WORK ITEM ▸
For the data below, please report each line where the word "Casa" is found.

[Records from a dataset]
######
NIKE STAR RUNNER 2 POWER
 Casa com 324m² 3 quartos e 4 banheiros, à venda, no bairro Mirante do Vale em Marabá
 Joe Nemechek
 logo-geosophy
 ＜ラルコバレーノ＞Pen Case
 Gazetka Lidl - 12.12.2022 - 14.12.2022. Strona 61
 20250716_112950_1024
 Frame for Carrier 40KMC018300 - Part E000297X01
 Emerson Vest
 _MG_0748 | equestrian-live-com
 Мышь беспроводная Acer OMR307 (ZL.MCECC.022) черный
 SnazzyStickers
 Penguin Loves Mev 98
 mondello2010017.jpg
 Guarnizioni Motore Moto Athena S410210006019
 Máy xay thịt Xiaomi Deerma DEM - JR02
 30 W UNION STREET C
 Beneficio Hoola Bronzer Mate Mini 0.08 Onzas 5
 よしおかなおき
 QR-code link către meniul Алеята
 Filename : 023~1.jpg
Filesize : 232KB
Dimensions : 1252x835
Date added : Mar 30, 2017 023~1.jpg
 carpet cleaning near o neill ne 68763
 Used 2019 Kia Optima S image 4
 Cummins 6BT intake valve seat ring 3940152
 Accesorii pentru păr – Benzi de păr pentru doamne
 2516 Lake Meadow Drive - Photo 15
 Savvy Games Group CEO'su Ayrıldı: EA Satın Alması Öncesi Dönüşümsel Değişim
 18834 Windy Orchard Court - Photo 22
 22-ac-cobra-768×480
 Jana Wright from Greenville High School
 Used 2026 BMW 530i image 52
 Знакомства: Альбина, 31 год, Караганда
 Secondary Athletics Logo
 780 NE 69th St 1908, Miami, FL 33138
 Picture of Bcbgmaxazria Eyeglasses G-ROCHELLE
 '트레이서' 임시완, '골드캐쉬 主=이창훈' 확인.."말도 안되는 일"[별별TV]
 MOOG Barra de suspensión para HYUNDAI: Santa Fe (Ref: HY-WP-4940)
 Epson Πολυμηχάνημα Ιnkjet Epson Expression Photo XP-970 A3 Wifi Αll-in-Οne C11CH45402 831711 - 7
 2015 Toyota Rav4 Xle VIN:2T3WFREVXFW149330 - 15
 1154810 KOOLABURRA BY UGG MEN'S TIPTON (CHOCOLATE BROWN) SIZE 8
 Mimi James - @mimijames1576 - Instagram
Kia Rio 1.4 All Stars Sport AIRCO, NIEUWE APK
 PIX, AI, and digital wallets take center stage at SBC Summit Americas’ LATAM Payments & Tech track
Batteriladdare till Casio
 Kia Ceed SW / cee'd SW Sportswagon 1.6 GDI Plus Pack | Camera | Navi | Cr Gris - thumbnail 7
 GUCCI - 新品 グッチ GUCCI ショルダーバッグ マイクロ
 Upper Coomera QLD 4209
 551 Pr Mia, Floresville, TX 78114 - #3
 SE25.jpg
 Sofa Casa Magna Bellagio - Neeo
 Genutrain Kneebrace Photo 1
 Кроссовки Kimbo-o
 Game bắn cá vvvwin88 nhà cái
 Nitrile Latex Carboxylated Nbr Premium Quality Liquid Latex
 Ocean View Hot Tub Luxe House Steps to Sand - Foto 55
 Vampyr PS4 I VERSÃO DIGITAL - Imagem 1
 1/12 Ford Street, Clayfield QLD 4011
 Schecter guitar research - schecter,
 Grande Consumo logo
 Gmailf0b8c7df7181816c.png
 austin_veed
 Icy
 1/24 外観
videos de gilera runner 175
######
ANSWER BOX ▸
 Casa com 324m² 3 quartos e 4 banheiros, à venda, no bairro Mirante do Vale em Marabá
 Sofa Casa Magna Bellagio - Neeo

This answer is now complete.